Business

Canadian gold mine companies pull back with bullion at 5-year low

With gold selling at a five-year low, Canada’s gold companies are selling off properties and cutting costs in an effort to stay profitable.

Barrick and Goldcorp cut dividend 60%, Barrick sells assets

With gold selling at a five-year low, Canada's gold companies are selling off properties and cutting costs in an effort to stay profitable.

Barrick Gold Corp., the world's largest gold producer, announced Wednesday it would cut its dividend by 60 per cent after reporting a $9-million loss in the second quarter. The dividend falls from five cents a share to two cents a share.

Barrick is racing to pay down debt and has been selling assets -- $2.45 billion to date – to reduce costs.    

"This is not only about reducing debt," co-president Kelvin Dushnisky told investors during a conference call Thursday. "We want a portfolio focused on high quality gold assets and growth projects in our core regions of the Americas."

The Toronto-based company said it plans a further $2 billion in cuts by 2016, including possible sale of its U.S. properties in Nevada and Montana.

Nor is Barrick the only gold company to cut its dividend. Goldcorp, which on July 30 reported net earnings of $65 million or 8 cents per share, also cut its dividend by 60 per cent.

"That would be normal for Barrick and Goldcorp," says John Ing, CEO of Maison Placements. "By reducing their dividend, they have cost containment."

Where will gold go?

After hitting a high of $1,785 US an ounce in 2012, the price of gold was in the $1,090 US range on Thursday, with many analysts predicting it will move lower.

With the U.S. Federal Reserve likely to raise rates sometime later this year, investors may prefer to park their money in U.S. dollars, which have the potential to earn interest, rather than gold, which costs money to store.

As a rate rise approaches, the U.S. dollar will likely get stronger, making it ever more attractive than bullion.

Goldman Sachs analyst Jeffrey Currie has predicted gold will drop below $1,000 per ounce by the end of this year.

Ing is not so bearish on gold, believing it's near the bottom now.

But the low price makes it critical for Canada's gold miners to cut their production costs per ounce.

"Around $1,200 is the break-even point for a lot of gold miners," Ing said, adding that some junior mine companies, which have higher costs, might be looking at mergers.

Closing, selling mines

"The big companies have the ability to close mines and put them up for sale," he said. Many mines become less efficient as they age, resulting in a higher per-ounce production cost.

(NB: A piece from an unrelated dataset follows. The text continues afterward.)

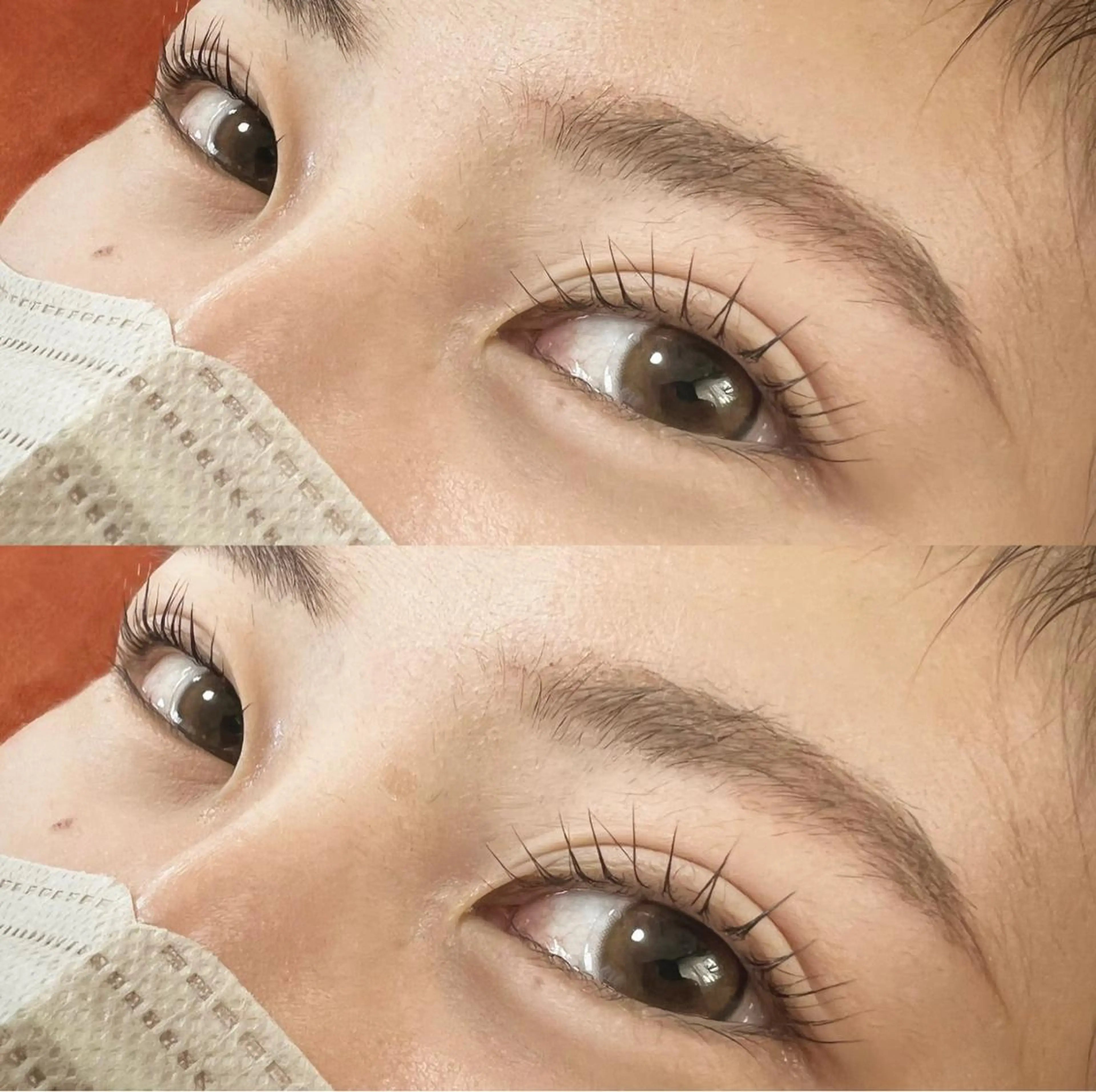 マツエク・マツパ まつげパーマ 束感♪韓国風 推し活ヘアセットのマツエク・マツパデザイン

Barrick recently sold its Cowal mine in Australia as well as a stake in its Zaldívar copper mine in Chile and Goldcorp sold its 26 per cent interest in Tahoe Resources.

And they were able to attract buyers, as companies are seeking out mining assets being sold in the face of low commodity prices.

Some companies are reducing their production outlooks for the year.  

Barrick now says it will produce 6.1 to 6.4 million ounces, revised downward from 6.2 to 6.6 million ounces.

IamGold, which also reported Wednesday, reduced its production estimate for 2015 to 780,000 to 815,000 ounces, in part because of a seismic event that led to an accident at the Westwood mine in Quebec.

IamGold CEO Steve Letwin said the company has to do more to cut costs "in this gold price environment."

"As we optimize our mine plans, we continue our efforts to further reduce operating costs and sustaining capital. Additionally, we are reviewing our future development projects."

The company has suspended talks to buy a larger stake in its Sadiola mine.

Goldcorp, however, which has improved its liquidity, has boosted its production guidance to between 3.3 and 3.6 million ounces.